While the chamber has 257 seats in total, Kirchnerite-allied lawmakers in the Victory Front(FpV-Peronist) block refused to attend the vote and come to the floor, with the FpV’s Hector Recalde denouncing the move against the 67-year-old as part of a wider “plan to persecute opponents” at a press conference earlier in the day.
President Mauricio Macri’s Cambiemos (Let’s Change) coalition had expressed confidence prior to the vote that they would have the numbers to push it through. By 2.15pm, lawmakers had approved the motion.
The motion arrived at Congress after two separate requests from Luis Rodríguez and Claudio Bonadio, federal judges probing De Vido’s involvement in two corruption cases. The judges claimed that De Vido could use his influence to affect the investigation and have argued for his immediate imprisonment and pre-trial detention.
CLOSE TIES. De Vido became close to the presidential couple during the 1980s, before Néstor Kirchner was governor of the southern province of Santa Cruz. As Planning minister, De Vido oversaw the distribution and awarding of billions of dollars set aside for public works projects and was a key figure in three Kirchnerite administrations.
“He was not just a simple minister. He was one of the most powerful Kirchnerists because he was the leader of the system of financing political activity,” analyst Carlos Fara said. In a recent interview given during her campaign to win a senatorial seat for Buenos Aires Province, Fernández de Kirchner said that she doesn’t “put her hands in the fire for De Vido, [or] not for anybody.”

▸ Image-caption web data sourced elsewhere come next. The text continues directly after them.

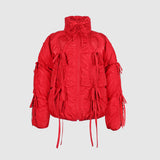 Flat photo of the Bommy Jacket in red. The jacket features bow details ruching all over the jacket.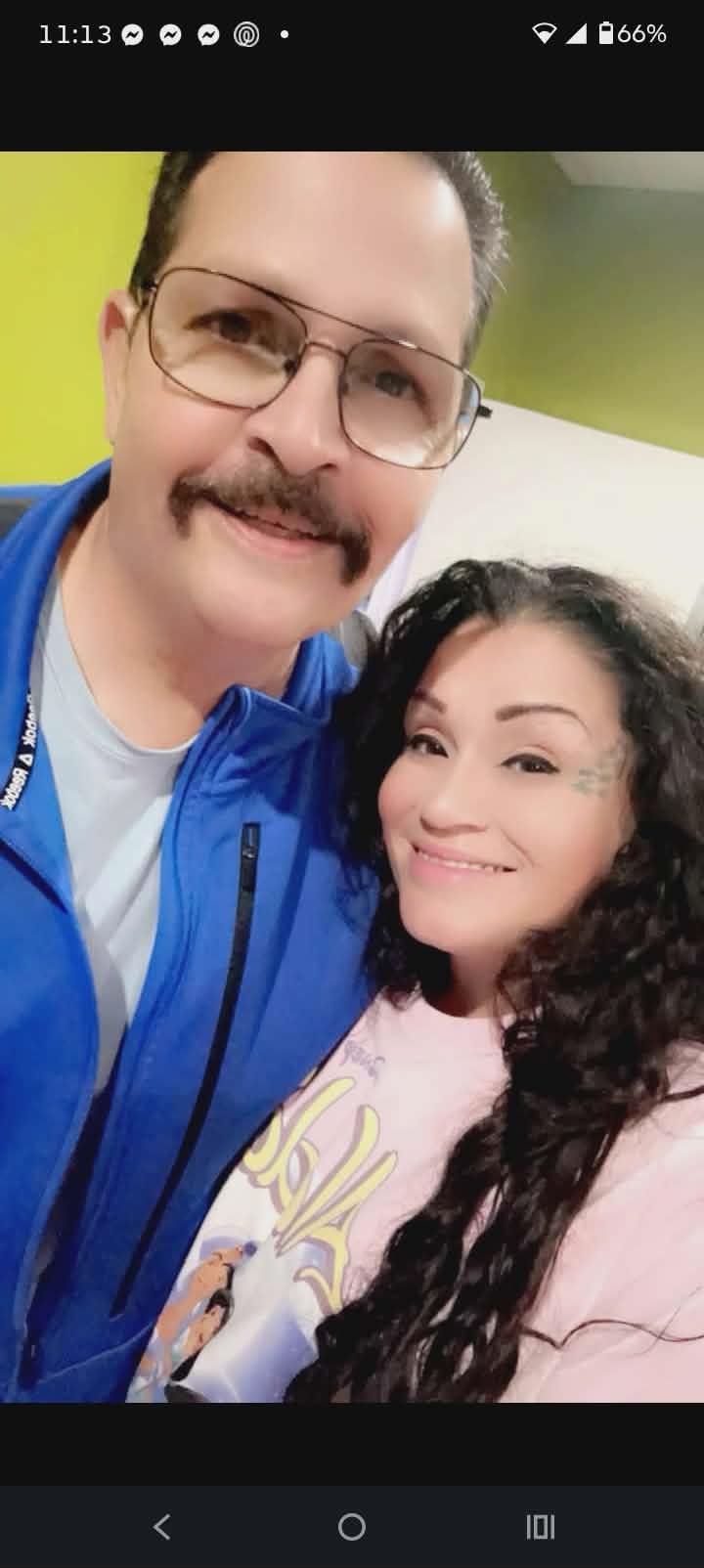 A man and woman taking a selfie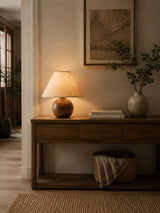 Ceramic bedside lamp lit on a sideboard seen through a doorway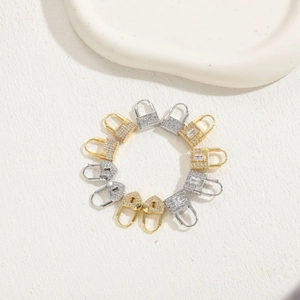 Detailed macro view of heart and square lock charms in gold and silver with zircon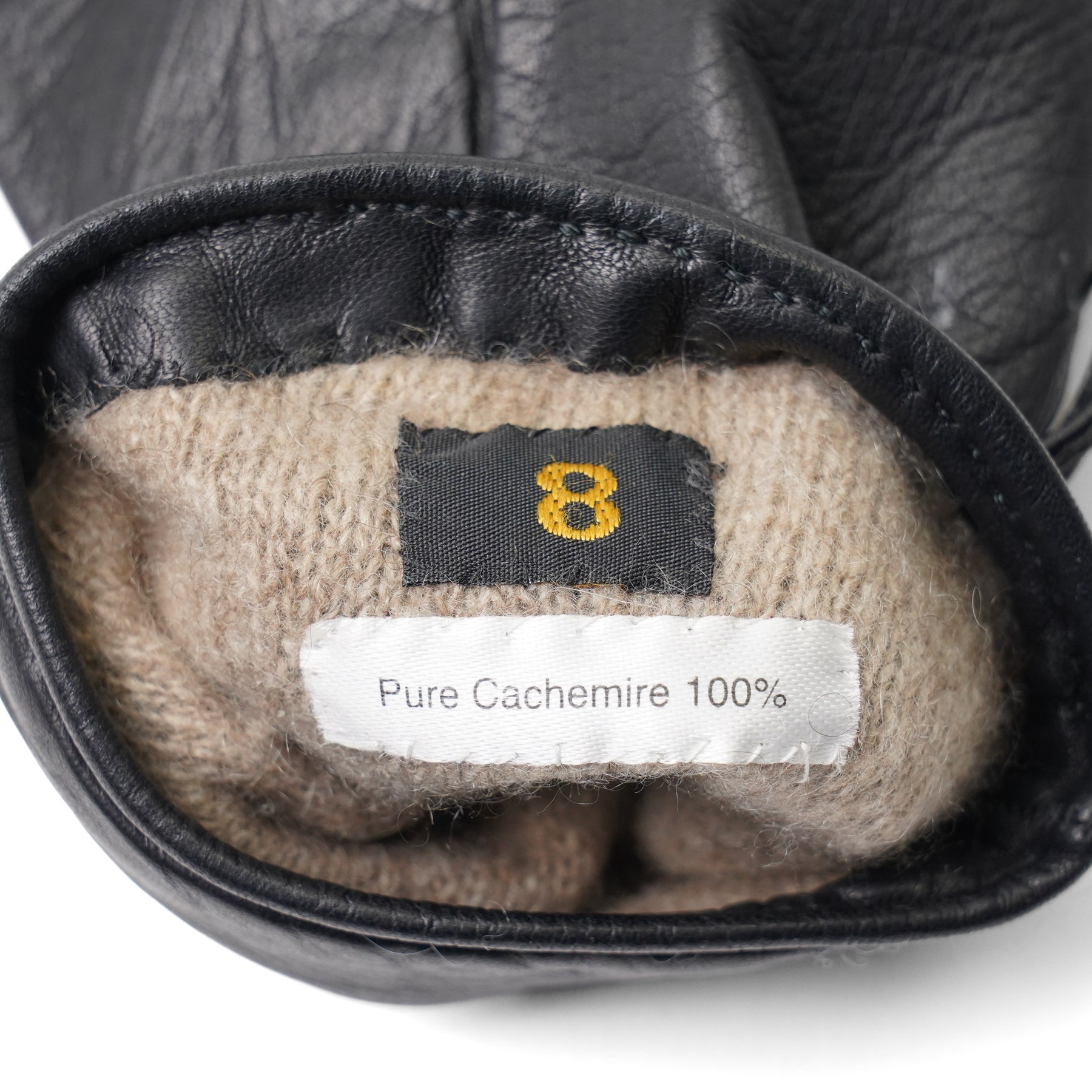 Hermès - pair of black leather gloves, lined in 100% cashmere, with pierced oval leather strap detail to cuffs, size 8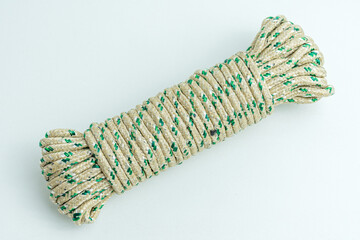 Rolled bundle of green and white twisted string rope isolated on white background © Arfin Studio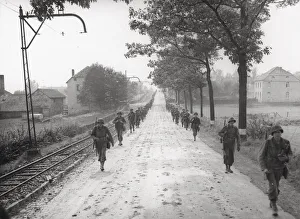 Aachen Prints: WW II 1st US Army marching on the road to Aachen, Germany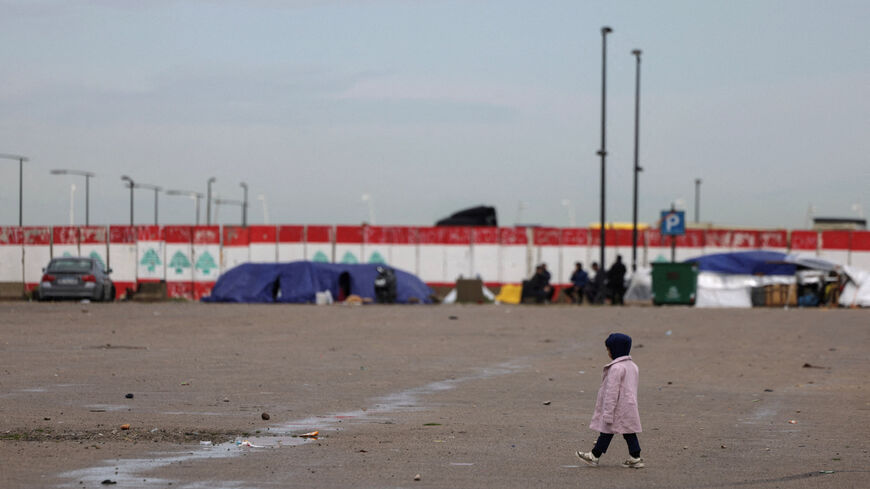 A girl walks at a temporary encampment for displaced people, following an escalation between Hezbollah and Israel, amid the U.S.-Israeli conflict with Iran, in Beirut, Lebanon, March 22, 2026. REUTERS/Khalil Ashawi
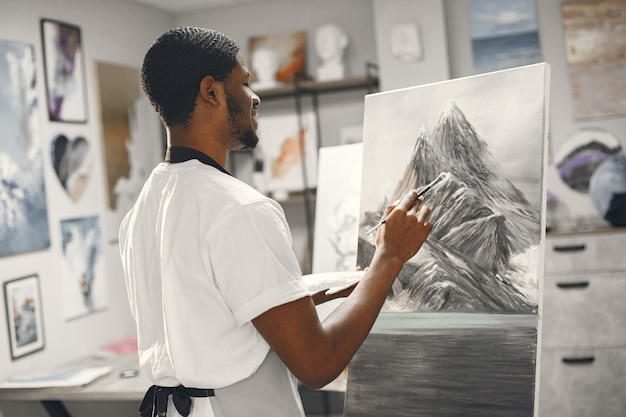 Homem africano na aula de pintura de desenho em um cavalete.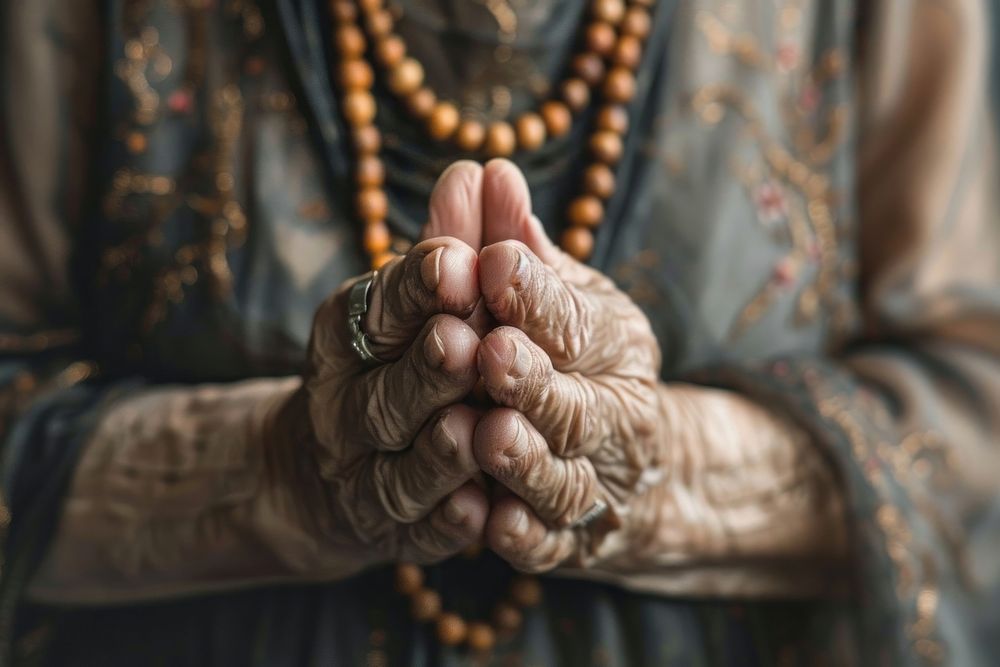 Old woman prayer rosary hand bead.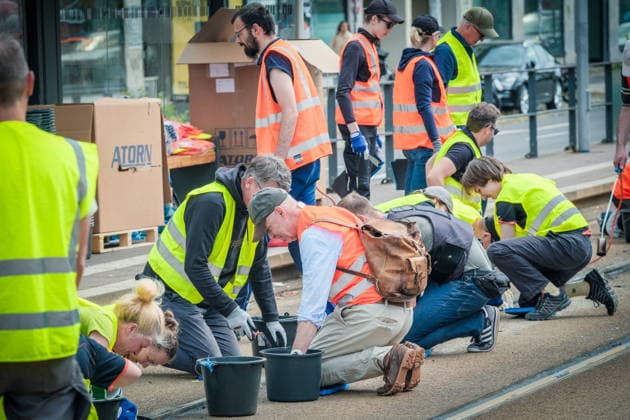 Freiwillige Helfer reinigen gemeinsam mit Mitarbeitenden der Leipziger Verkehrsbetriebe (LVB) Straßenbahngleise an der Leibnizstraße in Leipzig (Sachsen) von geschmolzenem Bitumen. Die Arbeiten sind Teil eines dritten Subbotniks zur Beseitigung der Hitzeschäden am Straßenbahnnetz. Aufnahme vom 4. Juli 2026. Hilfsaktion Leipzig *** Volunteers are working alongside employees of the Leipzig Public Transportation Authority (LVB) to clean melted bitumen from the tram tracks on Leibnizstraße in Leipzig, Saxony. The work is part of a third subbotnik aimed at repairing heat damage to the tram network. Photo taken on July 4, 2026. VolunteerLeipzig Relief Effort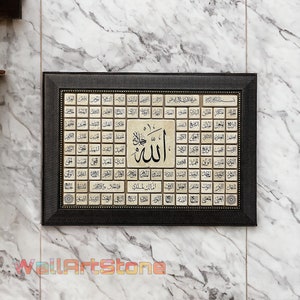 May include: A framed Islamic art print with a black frame and gold accents. The print features a large Arabic word "Allah" in the center surrounded by smaller Arabic words in a grid pattern.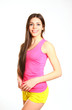 Attractive fitness girl posing on a white background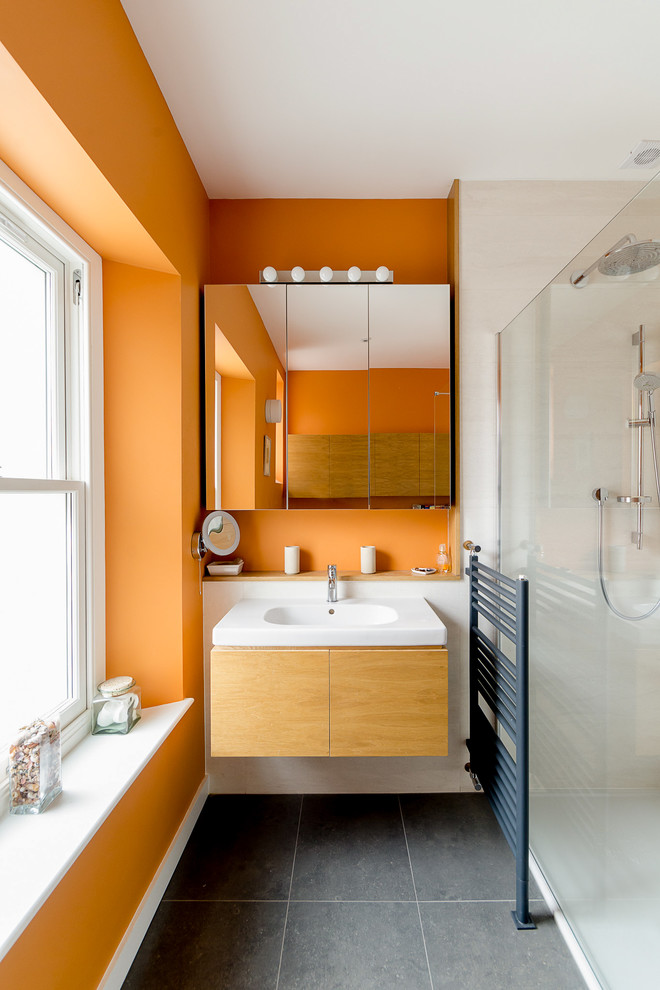 Inspiration for a contemporary bathroom in Other with orange walls and grey floor.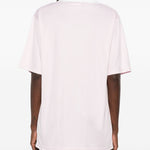 Polo con logo e ricamo a v in bianco Courrèges - donna 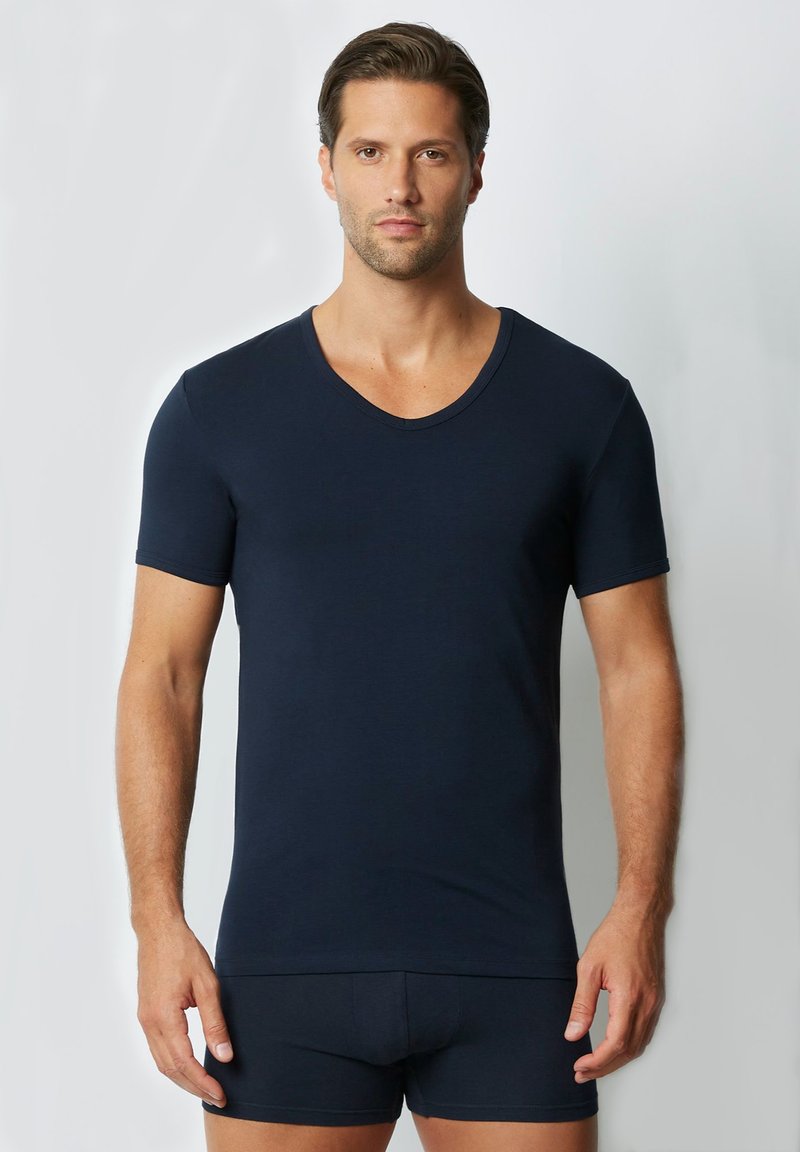 Navy blue short-sleeve V-neck t-shirt made of smooth fabric, form-fitting design, with matching navy shorts.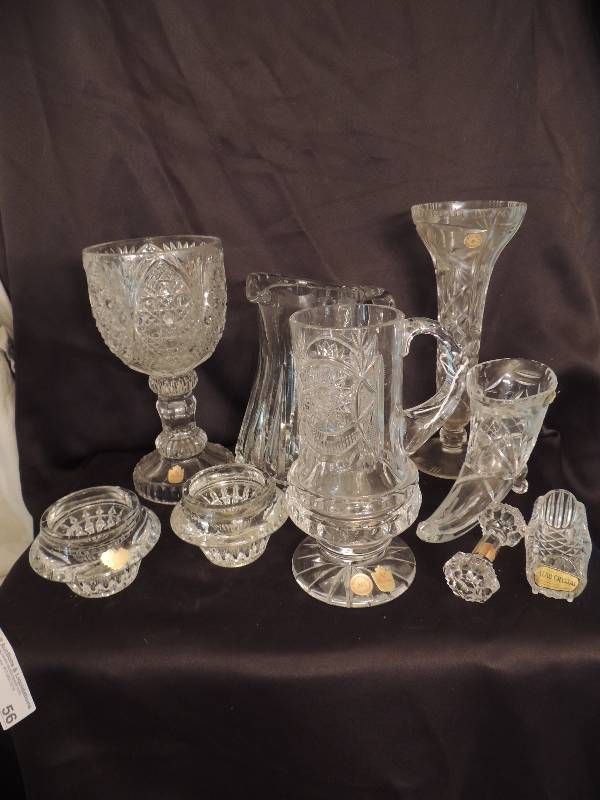 lot 56 image: Nachtmann Bleikristall 24% Bavarian Crystal- Two 9 pitchers one short one tall and 10 vase   . West German made candle sticks 2  12 tall 4  wide,  vase 10 12 , spoon rest, Horn o plenty 8  12 and knife rest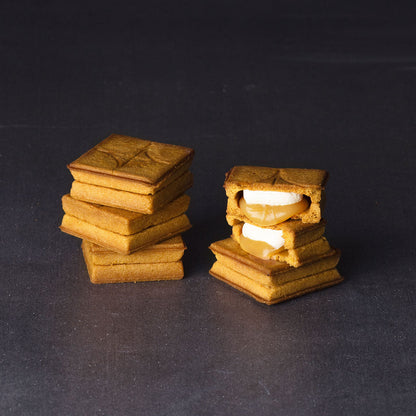 PRESS BUTTER SAND cookies close-up showing butter cream and caramel layers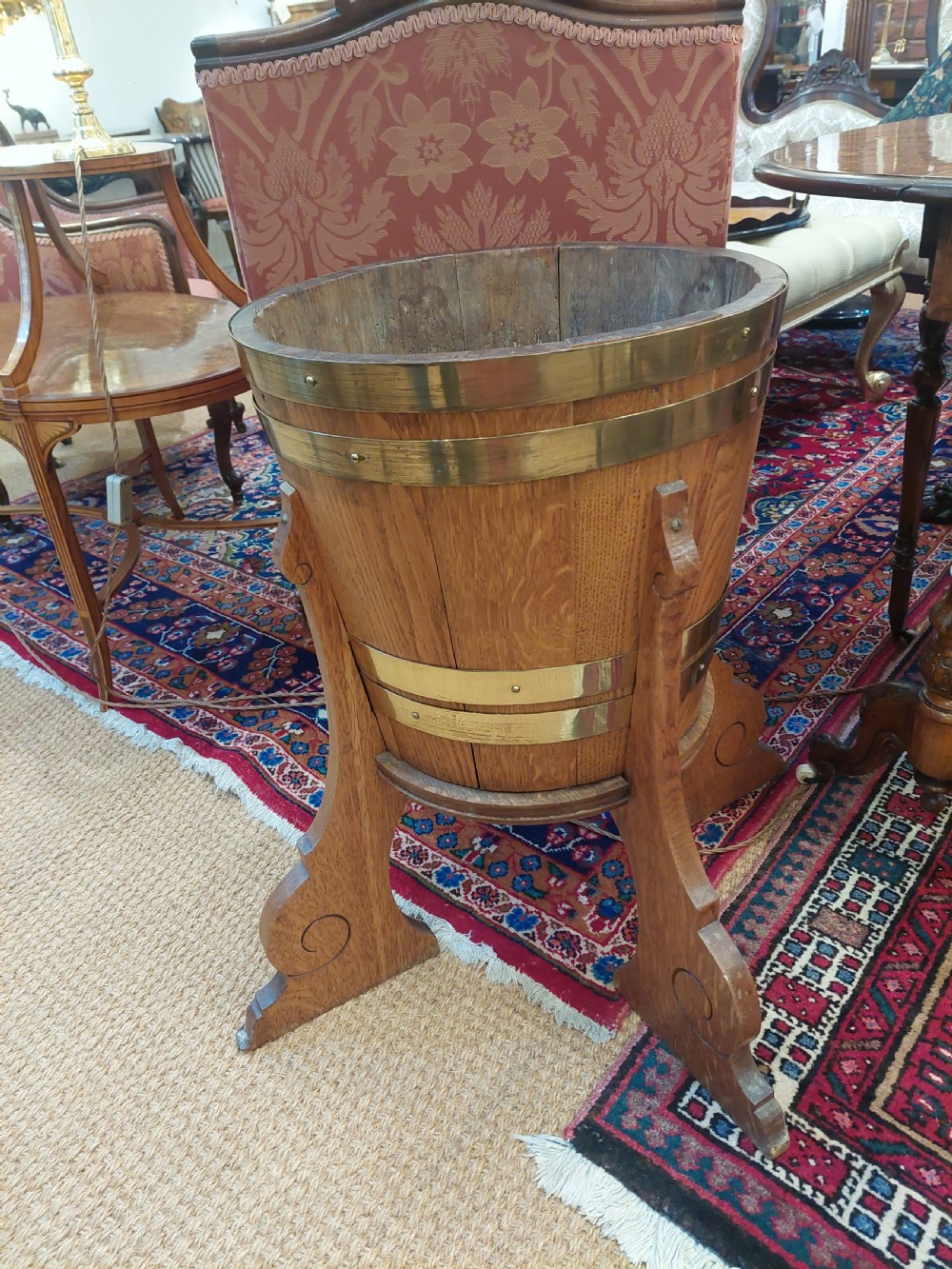 An Arts and Crafts oak planter featuring coopered wood staves secured with broad brass bands, supported on three carved scrolled timber legs. View V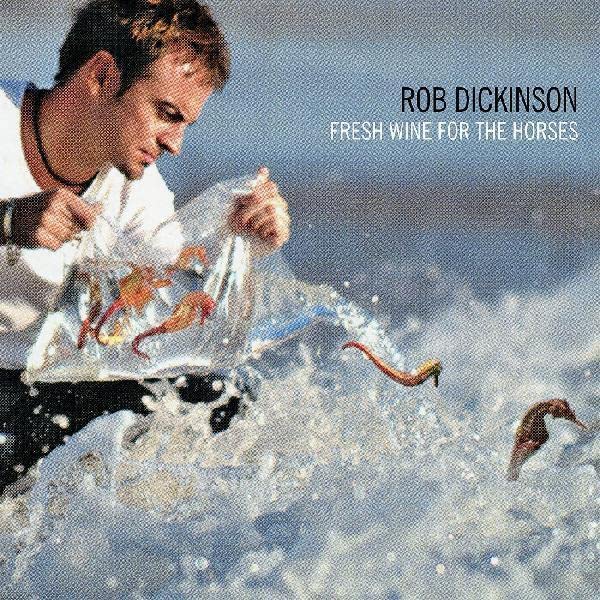 Album cover: man with seahorses in splashing water, blue background.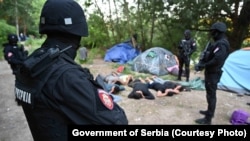 Jedna od fotografija migranata koji leže na zemlji, sa rukama iza glava i šatorima u pozadini, dok iznad njih stoje maskirani policajci sa oružjem. Fotografije je u nedelju, 4. jula, uz inoformaciju o pronalaženju ilegalnog kampa, medijima prosledila srpska policija.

De Vido is being investigated on two fronts. Bonadio is probing claims over alleged irregularities and kickbacks involving US$7 billion in payments related to the purchase of liquefied gas. The judge recently ordered the arrest of Roberto Baratta, De Vido’s so-called ‘right hand man’ and the seizure of assets from both totalling as much as one billion pesos. Rodríguez, meanwhile, is investigating the alleged embezzlement of 270 million pesos for uncompleted projects related to a coal mine in Rio Turbio, Santa Cruz province.
Prior to the vote, De Vido sent a letter to the Constitutional Affairs Commission claiming the move against him was a “true legal scandal.” Cambiemos lawmakers Anita Martínez and Lucas Incicco said De Vido was “one of the greatest icons of corruption in national history national.”